Os votos foram no sentido da parcial procedência, limitando-se ao pedido formalizado. “Não vejo como atuarmos como legisladores positivos e fixar os 30% como percentagem para as campanhas das mulheres. Dou interpretação conforme a Constituição para limitar qualquer tentativa de fixar outros percentuais.”

"Eu sei que muitos de nós têm vocação enorme para o legislativo, talvez até devêssemos estar lá. Mas lá é o locus certo para fazer esse tipo de reforma. Uma matéria que é extremamente complexa, e que cada mexida já inspira a imaginação de novos jogos", disse Mendes.

Luta feminina

No início do julgamento, falou pela PGR o vice-procurador-Geral da República, Luciano Mariz Maia, que iniciou sua fala apontando a luta da mulher pelo reconhecimento de sua dignidade. Ele lembrou o assassinado da vereadora Marielle Franco, ocorrido na noite anterior, quarta-feira, 14, no RJ.

"A luta da mulher pelo reconhecimento da sua dignidade enquanto pessoa e pelo reconhecimento da sua igualdade traz exemplos de muita dor e de muito sangue. Hoje, uma semana após a celebração do Dia Internacional da Mulher, acordamos atingidos pelas balas que mataram a vereadora Marielle Franco no RJ, e atingem em cheio a democracia. A vereadora, uma mulher negra da comunidade mais carente do RJ, elevou sua voz para fazer silenciar as injustiças e foi silenciada covardemente. Mas se a ela tentaram calar e derrubar, devem saber que não se pode deter o rumo da história – e a história significa a força da mulher para ter o reconhecimento da sua igualdade."

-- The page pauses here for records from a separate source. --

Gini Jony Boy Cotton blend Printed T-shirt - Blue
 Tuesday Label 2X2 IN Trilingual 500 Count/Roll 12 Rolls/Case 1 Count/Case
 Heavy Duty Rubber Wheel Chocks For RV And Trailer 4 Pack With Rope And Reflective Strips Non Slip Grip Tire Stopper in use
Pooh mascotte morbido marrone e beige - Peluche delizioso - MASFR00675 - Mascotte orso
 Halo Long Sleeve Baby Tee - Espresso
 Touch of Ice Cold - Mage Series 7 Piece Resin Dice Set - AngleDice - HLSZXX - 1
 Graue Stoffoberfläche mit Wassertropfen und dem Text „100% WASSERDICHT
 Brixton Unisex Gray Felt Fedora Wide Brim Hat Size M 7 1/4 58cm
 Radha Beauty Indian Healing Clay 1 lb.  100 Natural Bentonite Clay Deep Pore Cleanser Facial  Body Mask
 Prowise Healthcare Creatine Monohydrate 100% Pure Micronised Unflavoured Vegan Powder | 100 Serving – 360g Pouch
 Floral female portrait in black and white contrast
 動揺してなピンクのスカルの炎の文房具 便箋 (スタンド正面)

O vice-procurador destacou que a lei acolhe várias violações à CF quando estabelece, sem razões, “diferenciação injustificável entre o que se estabelece para os homens e o que se estabelece para as mulheres”.

Representando amici curiae, falou pela Abradep - Academia brasileira de Direito Eleitoral e Político a advogada Poliana Pereira dos Santos; e, pela organização Cepia - Cidadania, Estudo, Pesquisa, Informação e Ação, falou a advogada Ligia Fabris Campos. “A inconstitucionalidade desse dispositivo é gritante, uma vez que cria por lei uma desigualdade em prejuízo de um grupo já desfavorecido, e assim, afronta frontalmente o princípio constitucional da igualdade entre homens e mulheres. Ou seja, homens podem ter 100% dessas verbas e mulheres ficam com até 15%", argumentou Campos.